Fried’s case would be easy, at least rhetorically, if he meant to contrast democratic liberalism with ancient or modern despotism. But he expressly eschews that approach in his first chapter, saying that he seeks “to show why and how it [modern liberty] matters, not in easy contrast to the pharaohs or Pol Pot or even contemporary China or Iran or Cuba, but in modern, prosperous democratic societies.” He then presents three examples of the sort of modern regulation he finds intolerable: A law in Quebec, Canada that, in order to ensure that the French language “would remain the culture and language of the province,” prevents public communication in any language other than French; another Quebec law that prohibits the purchase or sale of private health insurance covering health care services provided by the public system; and a Vermont law that tries to prevent large retail stores, such as Wal-Mart, from opening in that state.
Why do these laws unacceptably infringe upon liberty? Fried’s answer shows how his defense of liberty is not simply that of the classical liberal.
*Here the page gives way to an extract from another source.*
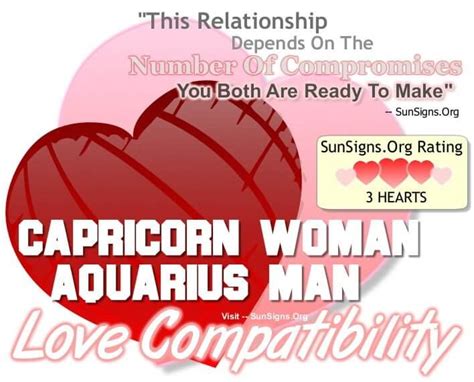 Capricorn Woman And Aquarius Man A Compromising Match Sun Signs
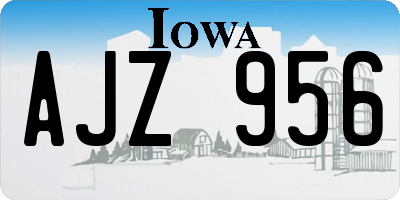 IA license plate AJZ956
For the modern classical liberal would argue that these laws all deprive people of choice–the Quebec language law deprives people of the right to speak how they want, while the last two laws deprive people of the right to buy and sell what they want and from whom they want. Fried’s response, however, is subtly different: It is not the loss of choice per se to which he objects; it is, rather, that each law has “a sense of personal enlistmentinto a cause one does not share.” (Emphasis in the original.) Since none of these laws permit the dissenter to opt out, “it is the cramming of a way of life down people’s throats that seems the offense.”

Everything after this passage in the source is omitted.